Quant à l'interprétation de l'effet Compton, BKS suggéraient là encore que la conservation de l'énergie et de l'impulsion n'étaient qu'un effet statistique, vrai en moyenne mais pas pour une diffusion unique.

Hans Geiger, alors directeur du Physikalisch-Technische Reichsanstalt, et son assistant Walter Bothe montèrent en 1925 une des toutes premières expériences de coïncidences (méthode qui valut le prix Nobel de physique à Bothe en 1954). Ils envoyèrent des rayons X sur de l'hydrogène, et ils détectèrent simultanément le rayon X diffusé et le proton de recul (séparés en temps de moins de 100 µs).
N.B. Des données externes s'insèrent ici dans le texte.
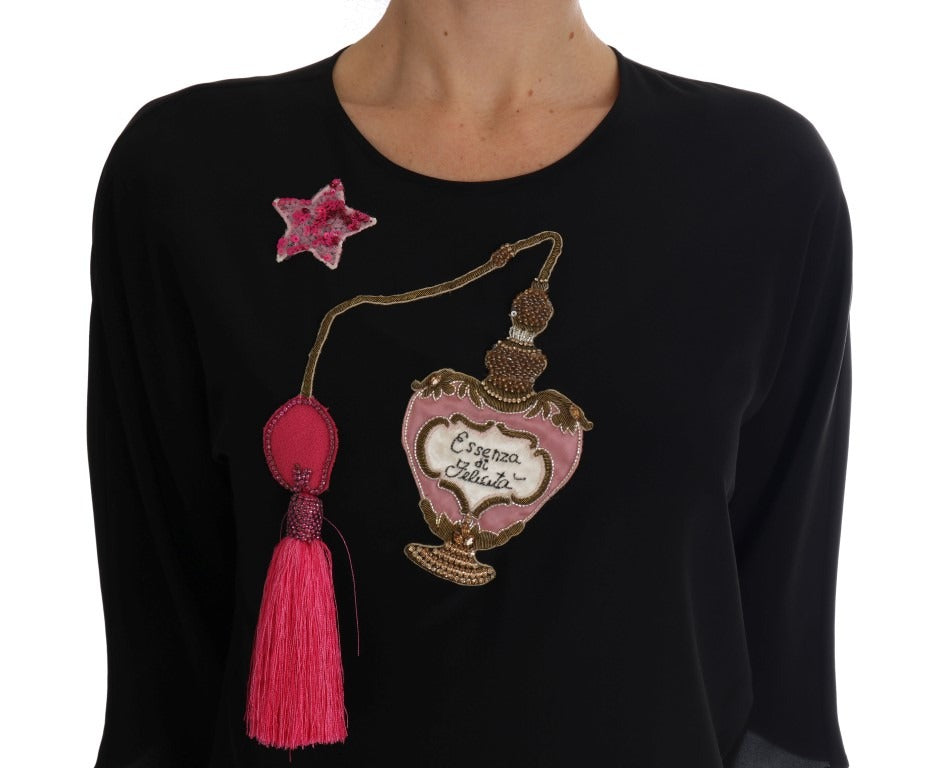 Black silk fairy tale top with crystal embellishments by Dolce & Gabbana, featuring a elegant blouse with intricate detailing.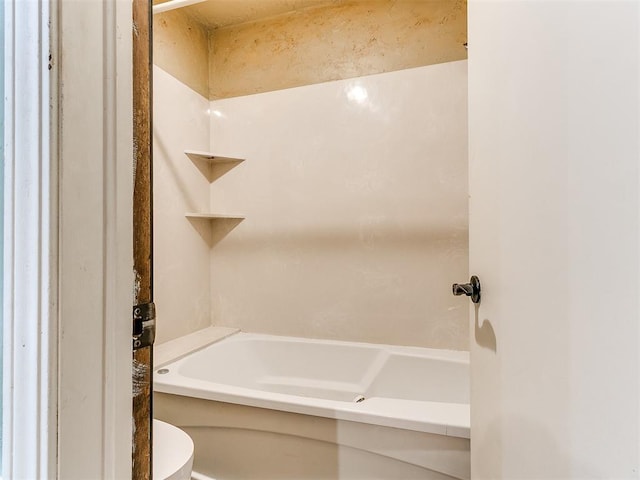 bathroom with a tub to relax in and toilet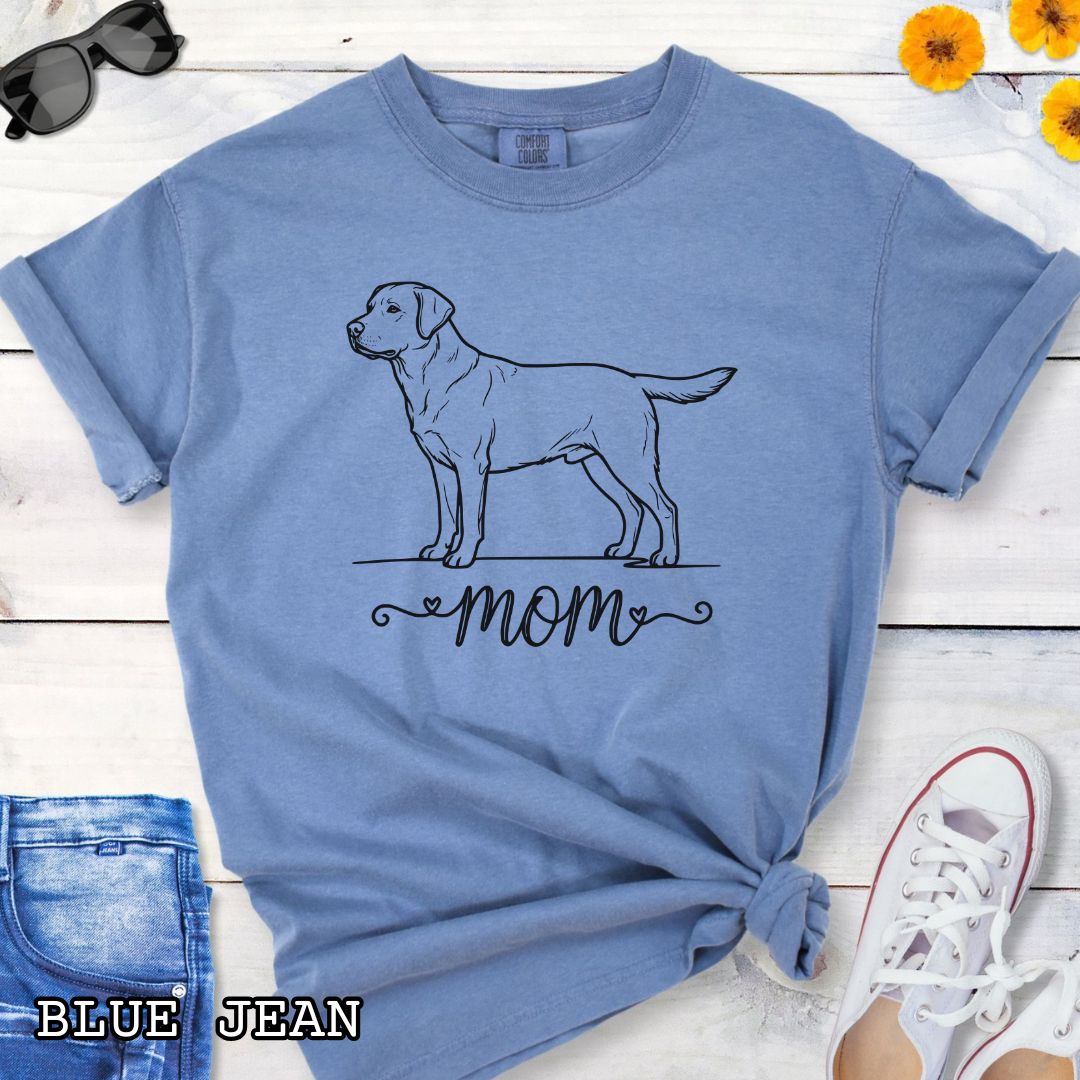 Blue Comfort Colors t-shirt with a line art Labrador Retriever dog illustration and 'mom' text in feminine script beneath, shown on a wooden surface with denim jeans and a flower.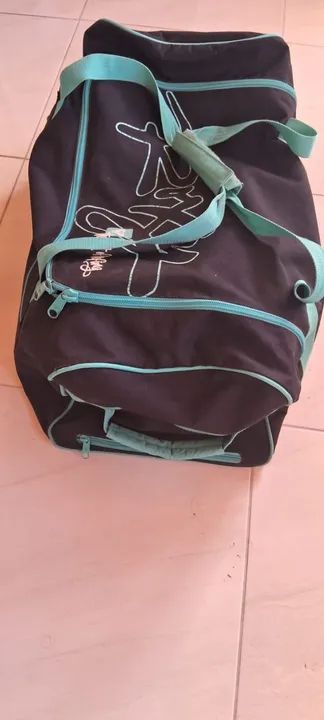 Vendo Bolsa com rodinha pra viagem de marca roxy original! Oferta!
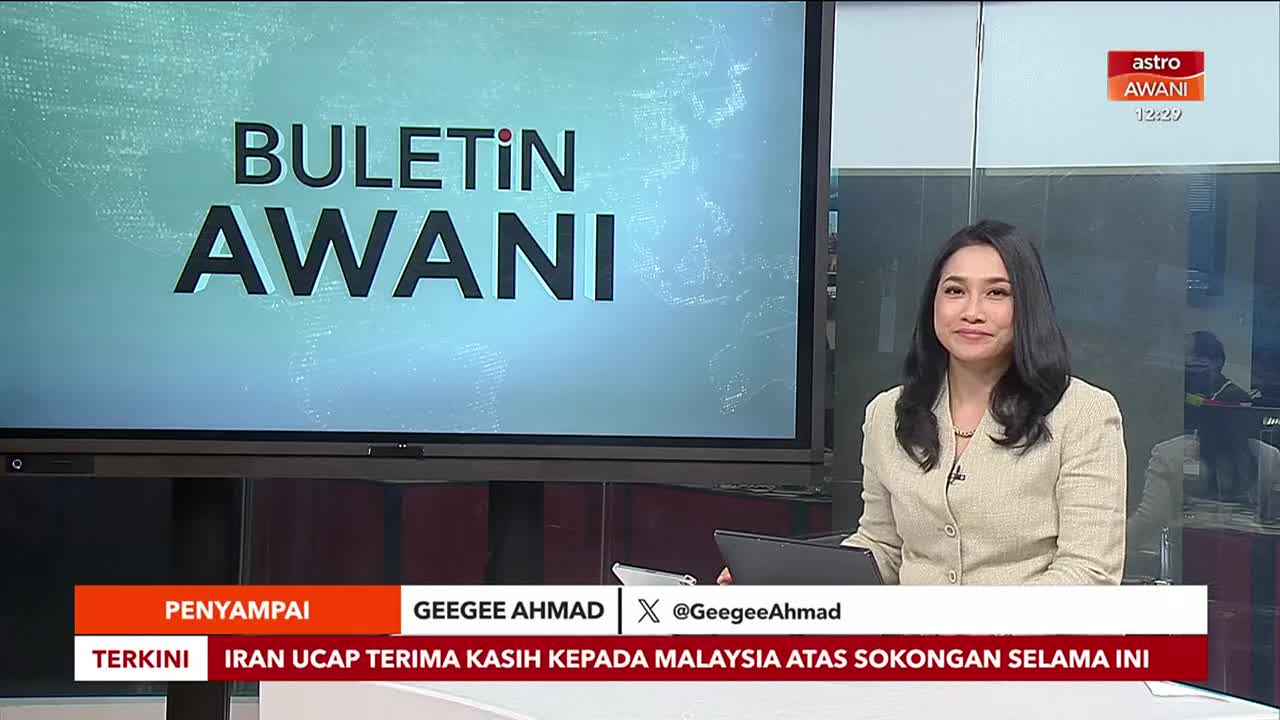 In a Malaysian studio, Geegee Ahmad smiles at the camera, ready to deliver the news on Astro Awani. Behind her, the screen displays "BULETIN AWANI," and a headline about Iran's gratitude to Malaysia scrolls across the bottom.
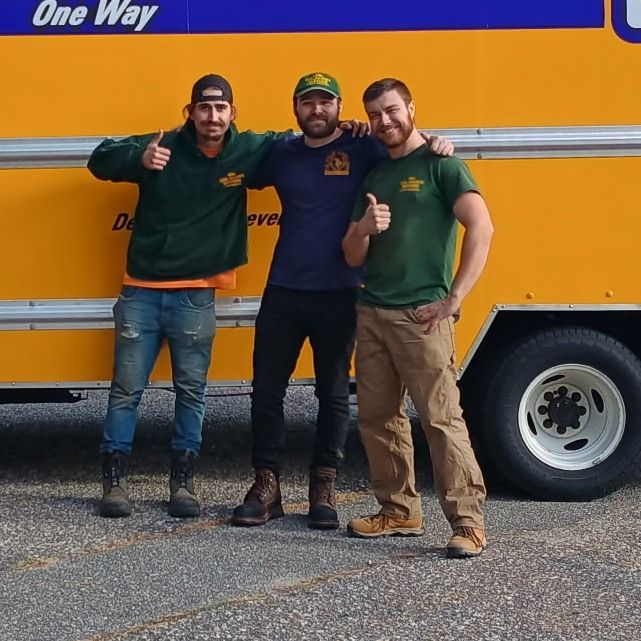 Three men pose and give thumbs up in front of a yellow moving truck.
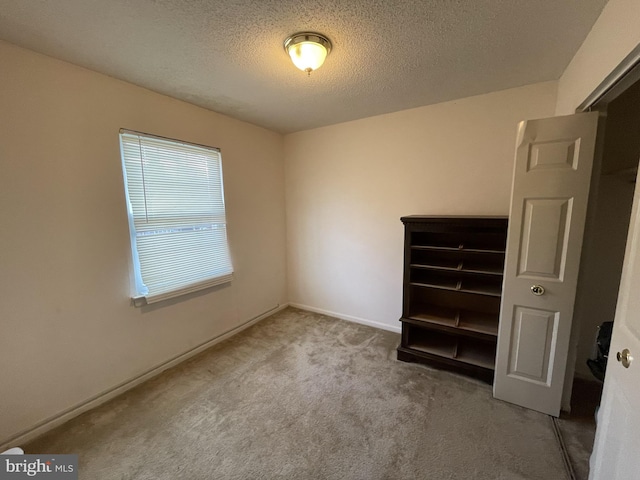 carpeted spare room featuring baseboards and a textured ceiling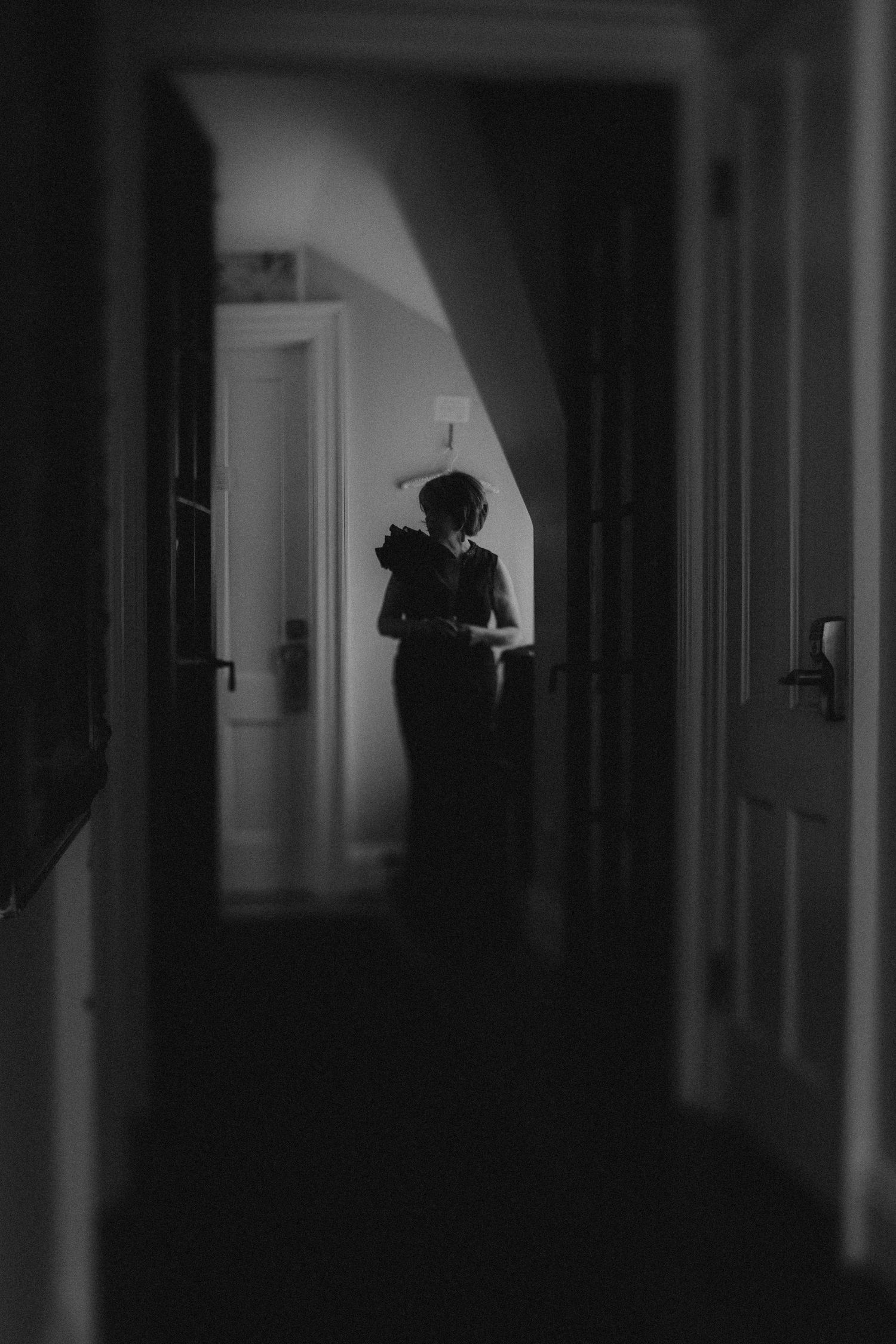 Silhouette of a person standing in a dimly lit hallway, captured in moody black and white photography.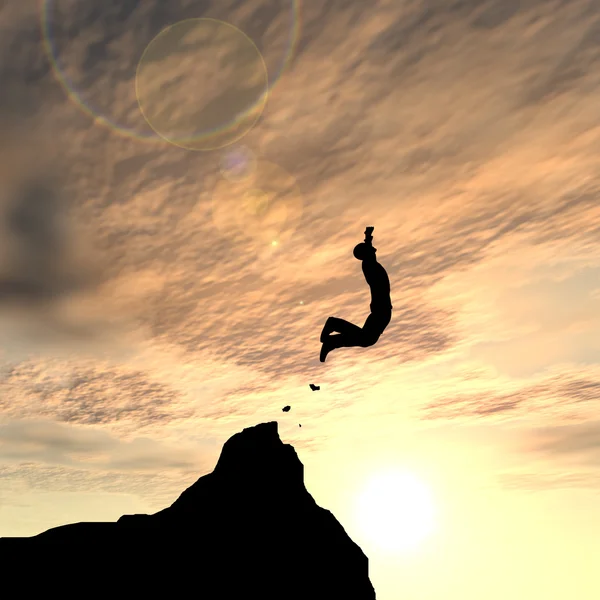 Man silhouette jumping  from cliff — Stock Photo, Image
Parallèlement, Compton et Simon observèrent en 1925 dans une chambre à brouillard les angles φ et θ de diffusion de l'électron de recul et du photon et ils vérifièrent que la relation φ et θ était bien celle que prévoyait la conservation de l'énergie et de l'impulsion dans chaque collision. Ces résultat étaient compatibles avec l'interprétation de l'effet Compton en termes de quanta de lumière, mais non avec la théorie BKS.

Diffusion Compton

Diffusion Compton avec les angles φ et θ précisés (© C. Foellmi)

La théorie BKS fut alors abandonnée, juste au moment où la mécanique ondulatoire de Louis de Broglie (1924) et de Erwin Schrödinger (1926), la mécanique des matrices de Werner Heisenberg (1925) et leur unification par Paul Dirac (1926) rendait de toute façon caduc tout l'édifice de "l'ancienne théorie des quanta".

Points communs avec l'effet photoélectrique et différences

Diffusion Compton inverse

La diffusion Compton "inverse" est le nom donné à la diffusion Compton lorsque les électrons ont une énergie très supérieure aux photons. C'est une diffusion Compton normale, mais simplement considérée dans un référentiel particulier. Son intérêt est surtout important en astrophysique dans les situations où des électrons de haute énergie, par exemple dans un plasma chaud tel que celui qui enveloppe les amas de galaxies, diffusent sur des photons de basse énergie, tels que ceux du fond de rayonnement micro-ondes (dont les longueurs d'onde millimétriques correspondent à un bain thermique à 2.73 K). Dans le référentiel de ce dernier, l'effet Compton augmente la fréquence (donc l'énergie) de ces photons aux dépens de l'énergie des électrons. Cet effet , prévu par Rashid Sunyaev et Yakov Zeldovitch en 1969 est maintenant observé avec précision comme une distorsion du spectre de Planck du rayonnement millimétrique (le domaine de Wien est un peu plus peuplé et le domaine de Rayleign légèrement dépeuplé). Comme l'effet SZ ne dépend pas de la distance, il est désormais utilisé pour détecter l'existence d'amas de galaxies éloignés.

Bose

En juin 1924, le physicien indien Satyendra Nath Bose écrivit à Einstein pour lui faire fart d'une nouvelle dérivation du spectre de Planck, et lui demander son appui pour la publier dans le Zeitschrift für Physik (elle avait été rejetée par le referee du Philosophical Magazine auquel il l'avait envoyée).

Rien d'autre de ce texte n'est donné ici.